USA

October 10, 2008

Officials in hurricane-battered Galveston, Texas, have asked Congress for $100 million to restore the beach that's so vital to the area's tourist economy. Ike caused significant sand erosion in some places and also littered the beach and near-shore waters on Sept. 13. More than 76,000 damage claims have been filed in Ike's aftermath with the Texas-backed windstorm insurance association. Above, Glenn Taylor of Houston takes a lunch break along the sea wall.

Two major freight companies that serve southern California will install safety-oriented train operating systems by 2012, three years before they are mandated, Union Pacific and Northern Santa Fe representatives told state lawmakers Wednesday. The automated systems could slow or stop a train if an engineer speeds or runs a red light, as happened Sept. 12, when a commuter train and a freight train collided, killing 25 people in the San Fernando Valley.

Alaska Gov. Sarah Palin's husband, Todd, and not the governor herself, pressed state officials to oust their former brother-in-law from the state police force, according to affidavits provided to the Associated Press. The statements are relevant to an investigation of whether the governor abused her authority in dismissing the public safety commissioner for his refusal to fire the trooper, who was involved in a bitter divorce with Palin's sister.

Total minority enrollment at US colleges rose 50 percent, to 5 million students, between 1995 and 2005, according to a report released Thursday by the American Council on Education. Although the number of Hispanics receiving bachelor's degrees nearly doubled, only 25 percent of 18- to 24-year-olds were in college, compared with 44 percent of whites.
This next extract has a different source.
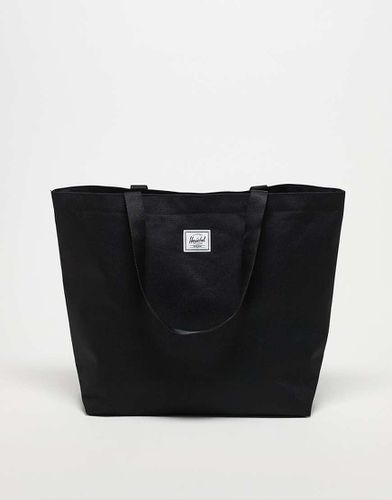 Borsa shopping classica nera - Herschel Supply Co - Modalova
At least 1 million visitors are expected to view a King Tut exhibit that opened this week at the Dallas Museum of Art, the first of three museums to showcase 130 objects from the king's Egyptian tomb (the other museums have yet to be named). During a four-city US tour from 2005 to 2007, the exhibit drew 4 million people.
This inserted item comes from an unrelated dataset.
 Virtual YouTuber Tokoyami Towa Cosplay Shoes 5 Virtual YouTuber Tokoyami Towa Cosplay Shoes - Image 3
State governments faced with widening budget deficits during these hard economic times are looking to beef up tax enforcement and collection efforts, according to the Federation of Tax Administrators, an association of tax agencies from all 50 states. In California, for example, the state hopes to collect an additional $1.5 billion by doubling penalties on corporations that are late in paying taxes, while in Massachusetts, a crackdown is planned on businesses that classify workers as independent contractors to avoid taxes.